Exploiting emotional labor

Casey Newton’s article on The Verge about the lives of Facebook moderators likely only adds to the growing rage against social networks. It’s worth a read. Even if stories like this often make the work seem worse than it usually is, it’s not a pretty picture.

Other journalists and bloggers have recently been talking about work and about how online communities work. On work, see Derek Thompson’s recent Atlantic essay. Thompson observes the way in which work is expected to function as one’s entire life, making it more like a religion than a job. Scott Alexander’s post on his attempts to moderate comments in his own little community is worth considering.

These articles offer a chance to synthesize some varied thoughts about how our high-tech, information-rich, ultra-connected world is affecting us. Here is just one idea that these essays have made me think about.

As computers can do more and more, jobs will be more and more about what only humans can do. Firms will look for ways to extract value from distinctively human abilities. This is what a lot of “information” jobs actually look like. They are not traditional “white collar” jobs; they’re not in management or administrative support. Instead, they are ways of leveraging part of the human mind that computers can’t duplicate yet.

For a few months I worked at a company where the task was to correct errors that computers made in reading documents. The computer did pretty well with the initial read, but any characters it was not confident in got passed to a human reader. The software we used was built to make us work as fast as possible. We didn’t need to read the entire document, only the few parts the computer couldn’t read. We were carefully tracked for speed and accuracy. Nowadays machine-learning technology has likely surpassed even human abilities in this domain, but the basic function of the human in the system is much like the Facebook moderators’ function. It makes up the gap between what the machine can do and what the product requires.
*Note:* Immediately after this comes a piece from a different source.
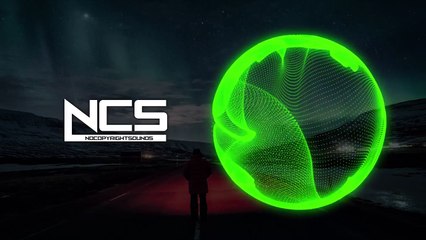 Fransis Derelle - Fly (feat. Parker Pohill) [NCS Release]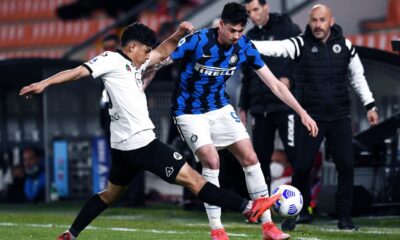 Agudelo Bastoni PAP 0501 1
This gap-filling is what Newton’s article describes in the Facebook moderating company. Employees are asked to leverage their judgment in figuring out whether something is appropriate or not. Because judgments of this sort are hard to reduce to rules (note all the problems Facebook has in specifying the rules clearly), the task needs a tool that is good at interpreting and assessing an enormous amount of information. And human minds are just the thing.

Computers have gotten good a certain kinds of pattern recognition, but they are still not good at extracting meaning from contexts. Human beings do this all the time. In fact, we’re really, really good at it. So good, in fact, that people who aren’t better than the computer strike us as odd or different.

The problem is that this task of judging content requires the human machines to deploy what they have and computers don’t. In Facebook’s case, that thing is human emotions. Most of our evaluative assessments involve some kind of emotional component. The computer doesn’t have emotions, so Facebook needs to leverage the emotional assessments of actual people in order to keep their site clean.

These kinds of jobs are not particularly demanding on the human mind. Sometimes we call this kind of work “knowledge work,” but that’s a mistake. The amount of knowledge needed in these cases is little more than a competent member of society would have. It would be better to call these jobs human work, or more precisely emotional work, because what is distinctive about them is the way they use human emotional responses to assess information. Moderators need to be able to understand the actions of other humans. But we do this all the time, so it’s not cognitively difficult. In fact, this is why Facebook can hire lots of relatively young, inexperienced workers. The human skills involved are not unusual.

The problem is that as those parts of us that are distinctively human become more valuable, there is also a temptation to try to separate them off from the actual person who has them, then track them and maximize their efficiency. In ordinary manual labor, it’s not so hard to exchange some effort and expertise for a paycheck. Faster and more skilled workers are more productive, and so can earn more. Marx notwithstanding, my labor and expertise are not really part of who I am, and expending them on material goods does not necessarily diminish or dis-integrate me. In contrast, my emotions and capacity for evaluate judgments are much closer to who I am, and so constantly leveraging those parts of me does prompt me to split myself into my “job” part and my “not-job” part. We might call this “emotional alienation,” and it is a common feature of service economies. We’re paying someone to feel for us, so that we don’t have to do it.

All this doesn’t mean we should give up content moderation, or even that moderator jobs are necessary bad jobs. I have little doubt that there is tons of stuff put online every day that ought to be taken down. I am an Augustinian and a Calvinist, and harbor no illusions about the wisdom of the crowd. But we should be more aware of what it actually costs to find and remove the bad stuff. We enjoy social networks that are largely free from serious objectionable and disturbing content. But someone has to clean all that off for us, and we are essentially paying for that person to expend emotional labor on our behalf. Social media seems “free,” but as we’re being constantly reminded, it really isn’t—not to us, and not to those who curate it for us.

So suppose Facebook, or Twitter, or YouTube actually paid their moderators whatever was necessary for their emotional and spiritual health, and gave them the working conditions under which they could cultivate these online experiences for us without sacrificing their own souls. How much would that be worth? I doubt our tech overlords care enough to ask that question. Maybe the rest of us should. Though we cannot pay them directly, we can, perhaps, reduce their load, exercise patience with them, and apply whatever pressure we can to their employers. This is, after all, the future of work. It’s in all of our interests to set the norms for distinctively human labor right now, while we still can.